I thought it was sarcasm lel


----------



## JustAKirby (Jul 12, 2016)

Happy birthday you crafty sonuvabitch


----------



## Deleted User (Jul 12, 2016)

Ella879 said:


> View attachment 55904


Haters will say it's photoshoped


----------



## Logan Pockrus (Jul 12, 2016)

Ella879 said:


> smea is my bby





VinLark said:


> I thought it was sarcasm lel


He's cool, and obviously very smart, but he isn't a god or anything.


----------



## TheGreek Boy (Jul 12, 2016)

Happy Birthday *@smealum!*


----------



## Kingy (Jul 12, 2016)

Again, have a lovely birthday @smealum.


----------



## Logan Pockrus (Jul 12, 2016)

TheKingy34 said:


> Again, have a lovely birthday @smealum.


Why did you feel the need to tell him happy birthday twice?  

Also, I'm pretty sure he's getting tired of being tagged right about now....


----------



## Ella879 (Jul 12, 2016)

es mee a leem <3


----------



## Kingy (Jul 12, 2016)

Logan Pockrus said:


> Why did you feel the need to tell him happy birthday twice?
> 
> Also, I'm pretty sure he's getting tired of being tagged right about now....


No, He needs 'happy birthday' all the time!


----------



## Jao Chu (Jul 12, 2016)

Who is offering themselves as a sacrifice to keep our 3DS god happy on his birthday?


----------



## Logan Pockrus (Jul 12, 2016)

Jao Chu said:


> Who is offering themselves as a sacrifice to keep our 3DS god happy on his birthday?


I'd say...you.


----------



## Lucifer666 (Jul 12, 2016)

Happy birthday smea

To many more fruitful years of success, cool hax, and whatever else makes you tick


----------



## Psi-hate (Jul 12, 2016)

@smealum if you don't like this then I'll leak the nudes you embedded in the *hax payload


----------



## Deleted User (Jul 12, 2016)

Logan Pockrus said:


> Why did you feel the need to tell him happy birthday twice?
> 
> Also, I'm pretty sure he's getting tired of being tagged right about now....

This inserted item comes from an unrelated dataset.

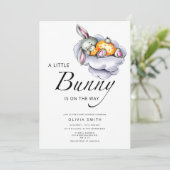 Kleine bunny is onderweg naar baby shower kaart (Staand voorkant)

Gotta get that sweet post count up.


----------



## Logan Pockrus (Jul 12, 2016)

VinLark said:


> Gotta get that sweet post count up.


Definitely.


----------



## Swiftloke (Jul 12, 2016)

Logan Pockrus said:


> He's cool, and obviously very smart, but he isn't a god or anything.


SACRIFICE HIM
But seriously happy birthday Mr 3ds God 
I hope you don't crush us due to your excessive tagging


----------



## DinohScene (Jul 12, 2016)

"growing up sucks"
Another year older lad.
Happy bday none the less~


----------



## 8BitWonder (Jul 12, 2016)

Happy birthday smea, you breathed life into the 3DS homebrew community.


----------



## Ritsuki (Jul 12, 2016)

Joyeux anniversaire @smealum ! Et un grand merci du fond du coeur pour tout ton travail (spécialement sur 3DS ) 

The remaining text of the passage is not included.